With 40+ columns, it may be a lot of work to implement the logic using a CASE WHEN eg.
CASE
WHEN typeA > typeB AND typeA > typeC THEN 'typeA'
...etc
END
Another approach may be to let the database do the work with ranking and agreggrate functions as shown below. I've unpivoted the data with the first CTE all_data
and added a meta column. You may also explore this other amazon athena approach if desired. I then continued to rank the data to find which type was the largest. I then determined whether there were multiple types ranked the same similar to row 3
where typeA
and typeB
had the same value. A case statement then decided whether I would use the actual type or can't decide
. With the classification for each row id, I then used an inner join to add this new column to the final projection.

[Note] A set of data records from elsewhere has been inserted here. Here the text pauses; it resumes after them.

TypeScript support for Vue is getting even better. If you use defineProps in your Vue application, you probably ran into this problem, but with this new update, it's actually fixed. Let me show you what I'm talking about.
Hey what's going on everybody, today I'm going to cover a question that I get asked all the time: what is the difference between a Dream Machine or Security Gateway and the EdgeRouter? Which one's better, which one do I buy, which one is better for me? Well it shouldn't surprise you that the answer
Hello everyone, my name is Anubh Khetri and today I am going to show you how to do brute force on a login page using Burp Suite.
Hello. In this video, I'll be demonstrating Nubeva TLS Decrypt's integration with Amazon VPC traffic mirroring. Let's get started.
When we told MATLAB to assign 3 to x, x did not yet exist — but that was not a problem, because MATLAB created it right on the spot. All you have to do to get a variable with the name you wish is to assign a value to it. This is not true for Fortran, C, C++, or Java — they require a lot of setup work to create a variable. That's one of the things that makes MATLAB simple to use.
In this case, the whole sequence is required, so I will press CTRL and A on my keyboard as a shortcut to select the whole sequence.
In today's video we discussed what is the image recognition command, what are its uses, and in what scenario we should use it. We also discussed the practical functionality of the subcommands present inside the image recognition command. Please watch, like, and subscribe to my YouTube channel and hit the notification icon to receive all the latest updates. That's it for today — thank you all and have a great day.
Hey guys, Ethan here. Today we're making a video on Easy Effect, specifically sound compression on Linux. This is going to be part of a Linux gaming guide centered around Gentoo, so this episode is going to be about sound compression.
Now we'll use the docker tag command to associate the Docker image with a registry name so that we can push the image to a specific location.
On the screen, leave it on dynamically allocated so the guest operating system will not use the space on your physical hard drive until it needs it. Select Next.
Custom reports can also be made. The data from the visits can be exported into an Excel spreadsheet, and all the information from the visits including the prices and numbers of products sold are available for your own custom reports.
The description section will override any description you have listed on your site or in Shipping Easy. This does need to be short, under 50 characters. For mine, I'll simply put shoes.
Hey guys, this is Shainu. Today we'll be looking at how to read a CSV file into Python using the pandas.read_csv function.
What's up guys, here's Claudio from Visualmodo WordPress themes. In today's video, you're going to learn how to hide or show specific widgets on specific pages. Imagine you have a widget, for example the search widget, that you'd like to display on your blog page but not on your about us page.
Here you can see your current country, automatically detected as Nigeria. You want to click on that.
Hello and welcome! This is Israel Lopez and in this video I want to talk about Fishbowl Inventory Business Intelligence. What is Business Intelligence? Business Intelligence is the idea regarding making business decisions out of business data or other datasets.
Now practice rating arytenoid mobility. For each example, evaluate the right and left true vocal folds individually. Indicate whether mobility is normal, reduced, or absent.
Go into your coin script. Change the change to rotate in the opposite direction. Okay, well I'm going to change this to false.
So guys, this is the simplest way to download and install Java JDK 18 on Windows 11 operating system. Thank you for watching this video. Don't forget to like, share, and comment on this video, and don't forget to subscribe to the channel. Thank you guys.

See sample below:
WITH all_data AS (
SELECT id, typeA as val, 'typeA' as type from my_table UNION ALL
SELECT id, typeB as val, 'typeB' as type from my_table UNION ALL
SELECT id, typeC as val, 'typeC' as type from my_table
),
ranked_data AS (
SELECT
id,
val,
type,
rank() over (partition by id order by val desc) as rnk
FROM
all_data
),
classification AS (
SELECT
id,
CASE
WHEN COUNT(id) > 1 THEN 'undecided'
ELSE MAX(type)
END as class_type
FROM
ranked_data
WHERE rnk=1
GROUP BY id
)
SELECT
m.*,
c.class_type as classification
FROM
my_table m
INNER JOIN
classification c ON c.id = m.id